Input data Block Start

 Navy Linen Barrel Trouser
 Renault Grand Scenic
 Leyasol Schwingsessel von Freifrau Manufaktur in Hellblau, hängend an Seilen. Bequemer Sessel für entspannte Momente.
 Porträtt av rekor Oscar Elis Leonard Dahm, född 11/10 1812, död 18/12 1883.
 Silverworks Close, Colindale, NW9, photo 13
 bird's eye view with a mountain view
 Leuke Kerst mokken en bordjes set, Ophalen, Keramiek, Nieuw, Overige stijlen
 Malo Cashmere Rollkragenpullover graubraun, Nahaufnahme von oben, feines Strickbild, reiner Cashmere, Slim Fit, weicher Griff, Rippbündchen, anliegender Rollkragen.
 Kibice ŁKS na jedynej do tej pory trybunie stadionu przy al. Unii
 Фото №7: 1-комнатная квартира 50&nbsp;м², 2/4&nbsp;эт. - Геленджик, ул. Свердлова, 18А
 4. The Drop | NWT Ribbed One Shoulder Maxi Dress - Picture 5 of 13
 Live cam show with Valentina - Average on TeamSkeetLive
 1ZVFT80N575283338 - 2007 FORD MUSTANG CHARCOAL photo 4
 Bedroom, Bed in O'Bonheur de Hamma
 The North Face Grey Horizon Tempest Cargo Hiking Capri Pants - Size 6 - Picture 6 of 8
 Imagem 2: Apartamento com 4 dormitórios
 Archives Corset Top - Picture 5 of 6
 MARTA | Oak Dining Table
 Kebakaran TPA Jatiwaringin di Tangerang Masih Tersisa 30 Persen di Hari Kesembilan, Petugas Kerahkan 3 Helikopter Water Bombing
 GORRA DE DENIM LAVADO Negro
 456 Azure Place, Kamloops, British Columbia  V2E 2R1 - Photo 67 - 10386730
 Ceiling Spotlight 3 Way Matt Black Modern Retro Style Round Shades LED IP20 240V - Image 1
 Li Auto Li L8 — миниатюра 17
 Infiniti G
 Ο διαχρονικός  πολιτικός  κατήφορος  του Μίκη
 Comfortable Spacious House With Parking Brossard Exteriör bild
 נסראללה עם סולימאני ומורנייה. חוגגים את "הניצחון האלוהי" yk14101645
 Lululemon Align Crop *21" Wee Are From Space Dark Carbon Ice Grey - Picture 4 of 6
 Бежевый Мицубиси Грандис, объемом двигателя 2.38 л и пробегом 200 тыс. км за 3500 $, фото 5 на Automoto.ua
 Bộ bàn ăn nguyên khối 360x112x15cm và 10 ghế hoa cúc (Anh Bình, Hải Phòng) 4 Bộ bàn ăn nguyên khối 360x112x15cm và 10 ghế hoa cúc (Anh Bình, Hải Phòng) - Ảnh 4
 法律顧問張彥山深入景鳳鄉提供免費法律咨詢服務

Input data Block End

Work required:
Show, from the records above, every line that includes "Grey".

Answer area:
 The North Face Grey Horizon Tempest Cargo Hiking Capri Pants - Size 6 - Picture 6 of 8
 Lululemon Align Crop *21" Wee Are From Space Dark Carbon Ice Grey - Picture 4 of 6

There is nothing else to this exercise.